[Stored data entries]
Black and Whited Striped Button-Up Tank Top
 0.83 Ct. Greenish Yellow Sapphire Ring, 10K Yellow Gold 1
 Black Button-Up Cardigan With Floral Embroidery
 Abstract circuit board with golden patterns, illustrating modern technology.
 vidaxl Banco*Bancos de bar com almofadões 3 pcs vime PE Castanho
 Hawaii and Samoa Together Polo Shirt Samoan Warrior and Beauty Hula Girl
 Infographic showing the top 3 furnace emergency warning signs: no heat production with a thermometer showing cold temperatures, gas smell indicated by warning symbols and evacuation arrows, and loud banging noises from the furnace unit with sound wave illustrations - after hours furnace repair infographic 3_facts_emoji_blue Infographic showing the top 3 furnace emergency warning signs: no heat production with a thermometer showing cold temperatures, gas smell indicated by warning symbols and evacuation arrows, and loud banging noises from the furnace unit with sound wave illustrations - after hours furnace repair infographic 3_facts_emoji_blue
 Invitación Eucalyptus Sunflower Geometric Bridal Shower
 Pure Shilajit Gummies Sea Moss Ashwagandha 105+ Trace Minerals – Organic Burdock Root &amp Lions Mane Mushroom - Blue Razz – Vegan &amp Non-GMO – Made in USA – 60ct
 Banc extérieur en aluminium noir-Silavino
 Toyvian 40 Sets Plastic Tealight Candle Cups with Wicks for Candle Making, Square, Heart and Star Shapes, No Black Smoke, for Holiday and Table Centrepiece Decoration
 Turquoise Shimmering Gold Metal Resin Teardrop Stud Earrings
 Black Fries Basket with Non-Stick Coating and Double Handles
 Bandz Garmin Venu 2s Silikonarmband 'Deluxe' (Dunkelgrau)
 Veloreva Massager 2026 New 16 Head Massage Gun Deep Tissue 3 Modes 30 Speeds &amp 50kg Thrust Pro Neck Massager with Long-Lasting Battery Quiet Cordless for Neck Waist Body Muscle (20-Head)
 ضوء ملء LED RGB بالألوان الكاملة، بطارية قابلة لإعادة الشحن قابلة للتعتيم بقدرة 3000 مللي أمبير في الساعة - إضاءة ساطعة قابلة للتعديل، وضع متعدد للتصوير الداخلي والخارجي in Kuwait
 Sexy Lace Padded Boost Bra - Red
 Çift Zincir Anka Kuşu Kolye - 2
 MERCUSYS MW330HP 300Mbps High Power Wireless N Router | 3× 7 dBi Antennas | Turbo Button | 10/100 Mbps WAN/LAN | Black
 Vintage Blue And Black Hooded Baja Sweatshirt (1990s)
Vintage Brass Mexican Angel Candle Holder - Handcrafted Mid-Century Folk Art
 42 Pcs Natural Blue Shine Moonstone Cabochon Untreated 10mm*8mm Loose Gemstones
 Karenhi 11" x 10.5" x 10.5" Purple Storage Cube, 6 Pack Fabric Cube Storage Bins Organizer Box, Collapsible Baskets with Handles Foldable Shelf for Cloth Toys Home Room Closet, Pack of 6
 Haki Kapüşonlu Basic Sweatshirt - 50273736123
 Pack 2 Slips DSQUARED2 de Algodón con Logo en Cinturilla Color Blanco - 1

[EXERCISE REQUIREMENTS] Could you copy every record above exactly as written?

[TASK RESULT]
Black and Whited Striped Button-Up Tank Top
 0.83 Ct. Greenish Yellow Sapphire Ring, 10K Yellow Gold 1
 Black Button-Up Cardigan With Floral Embroidery
 Abstract circuit board with golden patterns, illustrating modern technology.
 vidaxl Banco*Bancos de bar com almofadões 3 pcs vime PE Castanho
 Hawaii and Samoa Together Polo Shirt Samoan Warrior and Beauty Hula Girl
 Infographic showing the top 3 furnace emergency warning signs: no heat production with a thermometer showing cold temperatures, gas smell indicated by warning symbols and evacuation arrows, and loud banging noises from the furnace unit with sound wave illustrations - after hours furnace repair infographic 3_facts_emoji_blue Infographic showing the top 3 furnace emergency warning signs: no heat production with a thermometer showing cold temperatures, gas smell indicated by warning symbols and evacuation arrows, and loud banging noises from the furnace unit with sound wave illustrations - after hours furnace repair infographic 3_facts_emoji_blue
 Invitación Eucalyptus Sunflower Geometric Bridal Shower
 Pure Shilajit Gummies Sea Moss Ashwagandha 105+ Trace Minerals – Organic Burdock Root &amp Lions Mane Mushroom - Blue Razz – Vegan &amp Non-GMO – Made in USA – 60ct
 Banc extérieur en aluminium noir-Silavino
 Toyvian 40 Sets Plastic Tealight Candle Cups with Wicks for Candle Making, Square, Heart and Star Shapes, No Black Smoke, for Holiday and Table Centrepiece Decoration
 Turquoise Shimmering Gold Metal Resin Teardrop Stud Earrings
 Black Fries Basket with Non-Stick Coating and Double Handles
 Bandz Garmin Venu 2s Silikonarmband 'Deluxe' (Dunkelgrau)
 Veloreva Massager 2026 New 16 Head Massage Gun Deep Tissue 3 Modes 30 Speeds &amp 50kg Thrust Pro Neck Massager with Long-Lasting Battery Quiet Cordless for Neck Waist Body Muscle (20-Head)
 ضوء ملء LED RGB بالألوان الكاملة، بطارية قابلة لإعادة الشحن قابلة للتعتيم بقدرة 3000 مللي أمبير في الساعة - إضاءة ساطعة قابلة للتعديل، وضع متعدد للتصوير الداخلي والخارجي in Kuwait
 Sexy Lace Padded Boost Bra - Red
 Çift Zincir Anka Kuşu Kolye - 2
 MERCUSYS MW330HP 300Mbps High Power Wireless N Router | 3× 7 dBi Antennas | Turbo Button | 10/100 Mbps WAN/LAN | Black
 Vintage Blue And Black Hooded Baja Sweatshirt (1990s)
Vintage Brass Mexican Angel Candle Holder - Handcrafted Mid-Century Folk Art
 42 Pcs Natural Blue Shine Moonstone Cabochon Untreated 10mm*8mm Loose Gemstones
 Karenhi 11" x 10.5" x 10.5" Purple Storage Cube, 6 Pack Fabric Cube Storage Bins Organizer Box, Collapsible Baskets with Handles Foldable Shelf for Cloth Toys Home Room Closet, Pack of 6
 Haki Kapüşonlu Basic Sweatshirt - 50273736123
 Pack 2 Slips DSQUARED2 de Algodón con Logo en Cinturilla Color Blanco - 1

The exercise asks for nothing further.